If it looks like a duck, and went to medical school...
There are a few simple ways to take care of general anterior knee pain; the type of knee pain most people are talking about when they tell you their knee hurts. They revolve around being weak and being tight; the two things that cause most of our joint pains. 

In terms of strength, its either not enough overall strength, or its an imbalance caused by improper exercise. A lot of recreational, even competitive, athletes will only play their sport and not do the proper strength and conditioning to go along with it. This results in a dominance in certain muscle groups; in terms of volleyball players we see a huge reliance on the quadriceps for propulsion and for landing. They want to do everything on their toes to incorporate as much quadriceps as possible. This leads to weak hamstrings and glutes, which causes poor hip extension and increases pressure on the patello-femoral joint. Fix it by deadlifting! To take this a step further, you can get an imbalance within the quadriceps muscle. If your Vastus Lateralis (the big muscle on the outside of your thigh) is much stronger than your Vastus Medialis Oblique (the little tear-drop just above your knee) then you can suffer from a sub-luxating patella; that is, a kneecap that doesn't track properly. One of the best ways to fix this imbalance is to get off the leg press and leg extension and start lunging and squatting. 

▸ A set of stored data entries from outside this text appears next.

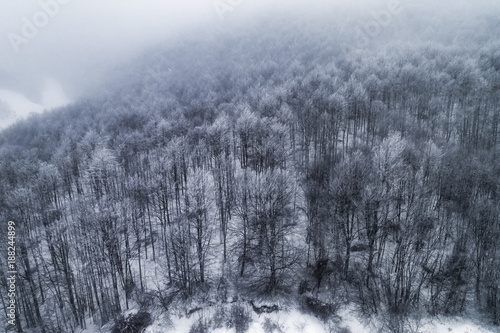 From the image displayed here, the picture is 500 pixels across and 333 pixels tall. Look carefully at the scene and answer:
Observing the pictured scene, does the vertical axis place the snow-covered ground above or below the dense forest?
below

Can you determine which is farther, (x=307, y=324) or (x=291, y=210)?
(x=291, y=210)

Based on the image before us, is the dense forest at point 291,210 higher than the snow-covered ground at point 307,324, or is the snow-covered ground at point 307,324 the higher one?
the dense forest at point 291,210

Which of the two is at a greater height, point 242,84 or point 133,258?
point 242,84

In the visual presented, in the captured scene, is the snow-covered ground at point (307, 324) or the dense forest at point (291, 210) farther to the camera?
the dense forest at point (291, 210)

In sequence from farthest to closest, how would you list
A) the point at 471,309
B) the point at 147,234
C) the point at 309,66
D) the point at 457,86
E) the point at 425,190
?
the point at 309,66 → the point at 457,86 → the point at 147,234 → the point at 425,190 → the point at 471,309

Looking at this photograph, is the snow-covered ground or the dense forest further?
the dense forest

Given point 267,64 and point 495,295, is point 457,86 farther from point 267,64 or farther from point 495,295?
point 267,64

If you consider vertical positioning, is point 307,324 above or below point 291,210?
below

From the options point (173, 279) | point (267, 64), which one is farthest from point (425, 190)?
point (267, 64) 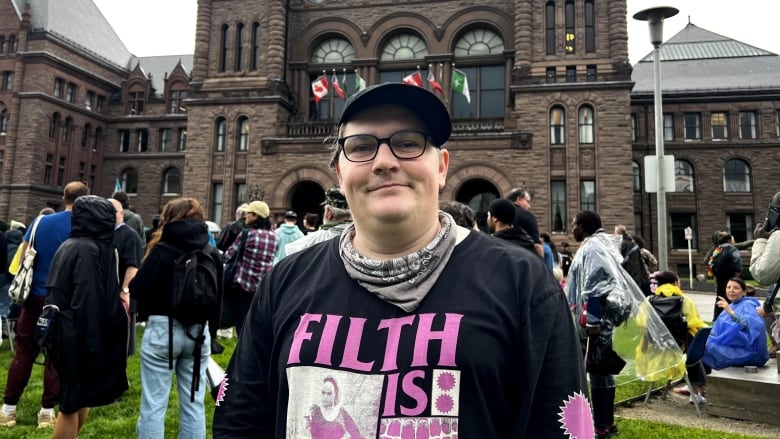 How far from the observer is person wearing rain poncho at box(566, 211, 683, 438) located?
16.3 ft

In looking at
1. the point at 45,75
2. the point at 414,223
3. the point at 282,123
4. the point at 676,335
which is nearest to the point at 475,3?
the point at 282,123

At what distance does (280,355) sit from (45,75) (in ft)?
155

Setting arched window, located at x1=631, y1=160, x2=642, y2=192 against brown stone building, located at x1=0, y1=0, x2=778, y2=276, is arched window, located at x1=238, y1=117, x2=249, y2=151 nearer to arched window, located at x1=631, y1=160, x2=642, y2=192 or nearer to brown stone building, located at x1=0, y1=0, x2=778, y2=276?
brown stone building, located at x1=0, y1=0, x2=778, y2=276

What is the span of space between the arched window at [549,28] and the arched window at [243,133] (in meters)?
16.1

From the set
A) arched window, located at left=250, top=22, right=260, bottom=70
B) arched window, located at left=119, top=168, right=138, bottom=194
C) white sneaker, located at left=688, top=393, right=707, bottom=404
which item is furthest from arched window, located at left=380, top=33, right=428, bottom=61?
arched window, located at left=119, top=168, right=138, bottom=194

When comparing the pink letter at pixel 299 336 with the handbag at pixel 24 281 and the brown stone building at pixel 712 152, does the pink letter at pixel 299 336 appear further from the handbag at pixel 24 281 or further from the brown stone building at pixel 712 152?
the brown stone building at pixel 712 152

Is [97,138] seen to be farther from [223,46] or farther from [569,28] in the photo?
[569,28]

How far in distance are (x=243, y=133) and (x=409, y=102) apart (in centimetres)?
2778

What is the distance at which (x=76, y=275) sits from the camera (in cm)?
413

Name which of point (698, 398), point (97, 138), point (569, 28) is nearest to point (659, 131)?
point (698, 398)

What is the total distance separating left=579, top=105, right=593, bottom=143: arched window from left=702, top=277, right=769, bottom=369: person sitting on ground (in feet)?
63.2

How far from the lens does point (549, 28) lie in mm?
26109

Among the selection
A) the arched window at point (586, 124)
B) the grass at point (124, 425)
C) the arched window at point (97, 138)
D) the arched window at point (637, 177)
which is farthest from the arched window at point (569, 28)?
the arched window at point (97, 138)

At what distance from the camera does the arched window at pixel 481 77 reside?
92.5 ft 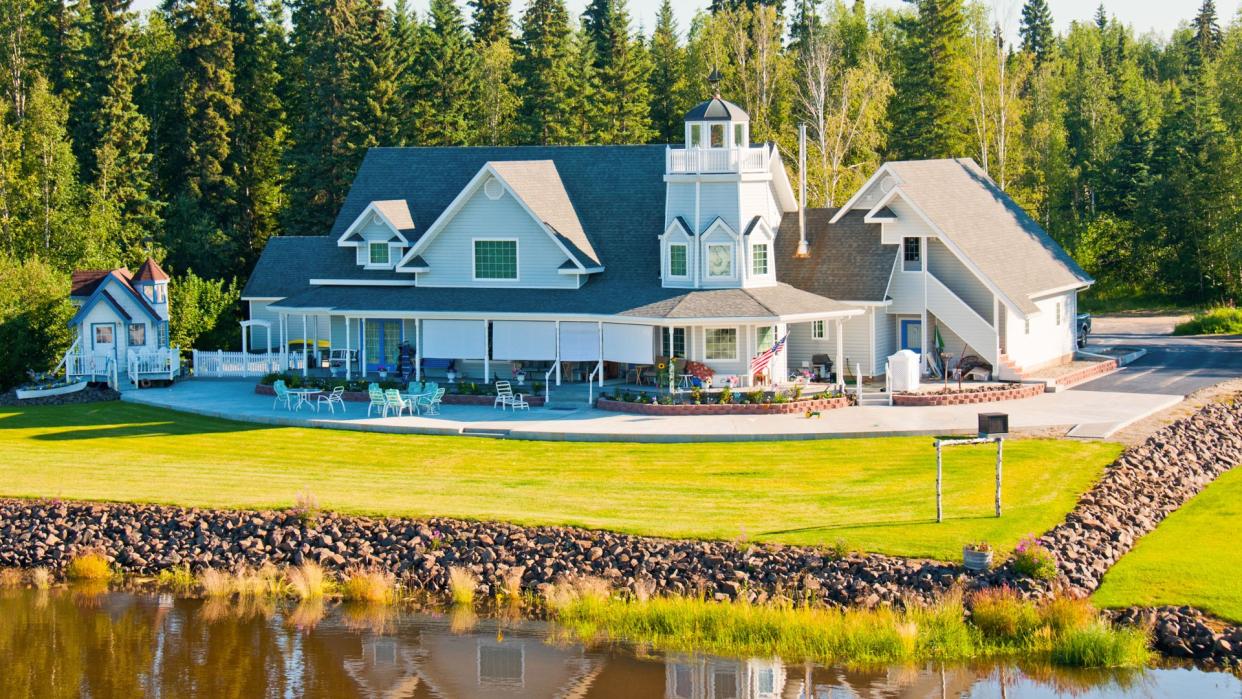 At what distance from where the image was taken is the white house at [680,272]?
126 feet

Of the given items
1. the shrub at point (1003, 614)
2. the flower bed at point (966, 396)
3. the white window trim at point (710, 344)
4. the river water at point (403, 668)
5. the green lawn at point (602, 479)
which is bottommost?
the river water at point (403, 668)

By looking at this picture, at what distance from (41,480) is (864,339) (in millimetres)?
20615

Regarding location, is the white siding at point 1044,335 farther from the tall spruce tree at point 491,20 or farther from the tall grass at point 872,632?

Now, some people may be doing these exercises and still be experiencing knee pain. There are some other causes, as well. One of the muscles that plays a huge role in control of the hips is the Glute Medius.  One of the easiest ways to check the function of a client's glute medius is by watching them squat; if they experience valgum stress on the knees (knee caving) during a squat. There are a few simple exercises to help with this; squatting with a band around the knees, sitting with a band around the knees and pressing out, or X-band walks. 

These will also help with instability issues when performing a lunge. Weird how its all connected, no? Instability/weakness at the hip joint causes pain at the knee by the transfer of stress. Your body simple shoots the stress down the muscles, and suddenly your knees hurt.

Those are the big muscular deficiencies that can cause general knee pain. The other big thing is soft tissue quality; flexibility and mobility. If you move like crap, you're gonna feel like crap. Hip mobility and ankle mobility are going to play a HUGE role in the way your knees feel. I know you can't change the fact that you sit for 8 hours at work, but you can do something to help fix it. Foam roll every day; do a dynamic warm-up; run through some mobility drills. It may add 20 minutes to your workout, but your body will thank you down the road.

Foam rolling your IT bands is one of the quickest ways to help alleviate some knee pain. When your IT Band (Iliotibial band) or TFL (Tensor Fascia Latae) get tight, they cause your upper legs to pull/rotate in an outward manner. This causes your patella to get off track and will really disrupt proper function at the knees. Roll/stretch out your hips and legs consistently, and it won't be long before you are back to moving the way nature intended.

Of course, these are things you can do in the gym to help get your knees healthy. In the event that your knee pain is severe or acute, you should probably go talk to a doctor about it.

Now go lift something heavy (but do some dynamic mobility drills first!)